*** Begin section ***

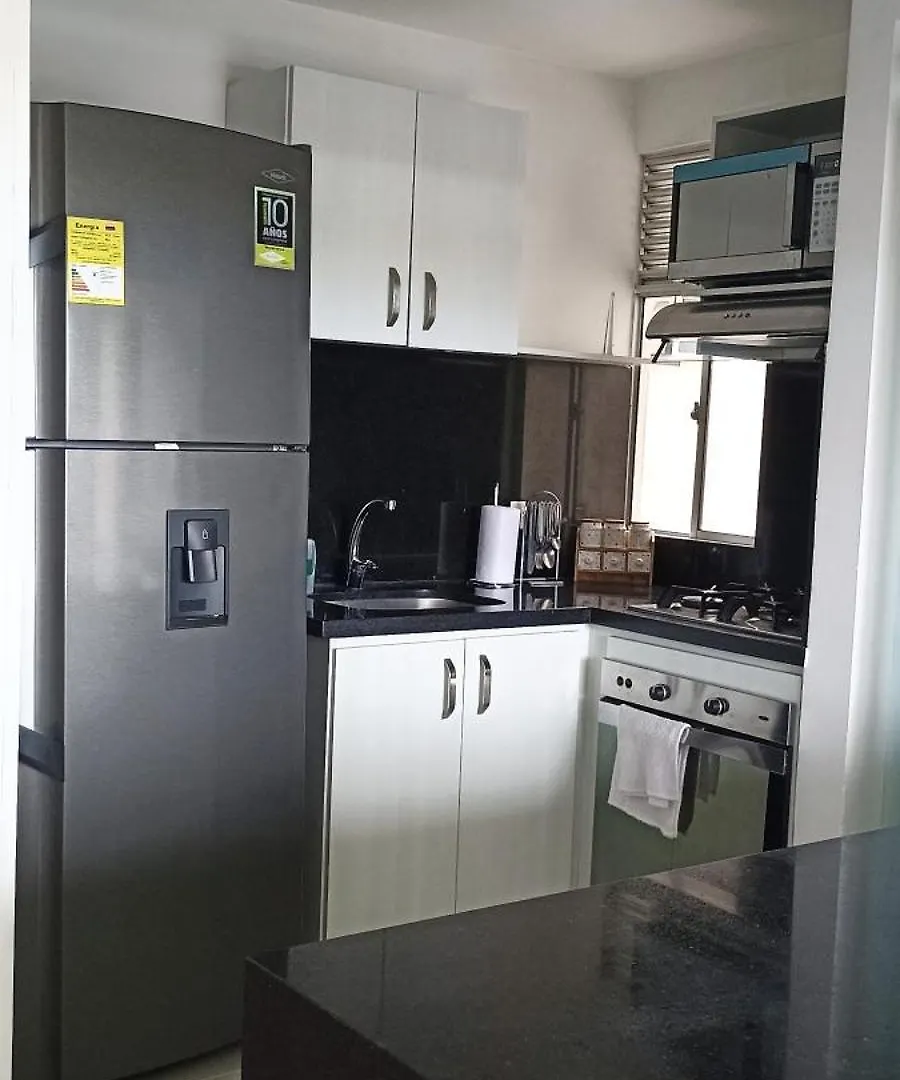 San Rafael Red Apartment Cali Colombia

*** End section ***
*** Begin section ***

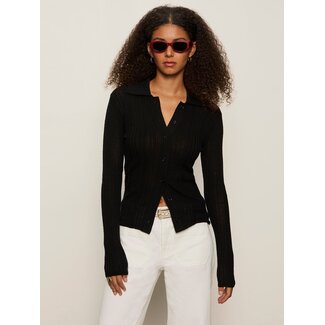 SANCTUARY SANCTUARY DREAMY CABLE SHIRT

*** End section ***
*** Begin section ***

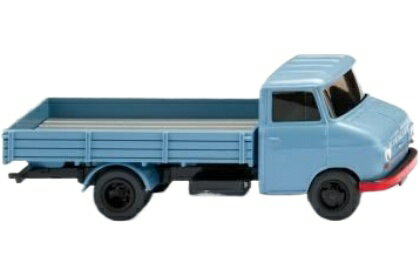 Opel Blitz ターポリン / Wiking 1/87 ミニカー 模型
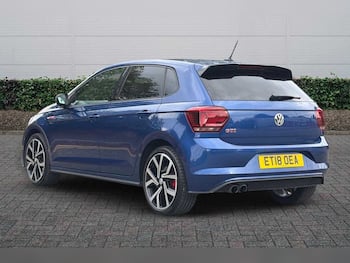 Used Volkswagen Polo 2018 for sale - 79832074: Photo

*** End section ***

● YOUR GOAL
Up in the listing, locate the line with "Opel Blitz ターポリン / Wiking 1/87 ミニカー 模型"; print it and every line after it down to the line with "Used Volkswagen Polo", which is included too. Skip the pictures.

● EXERCISE RESULT
 Opel Blitz ターポリン / Wiking 1/87 ミニカー 模型
 Used Volkswagen Polo 2018 for sale - 79832074: Photo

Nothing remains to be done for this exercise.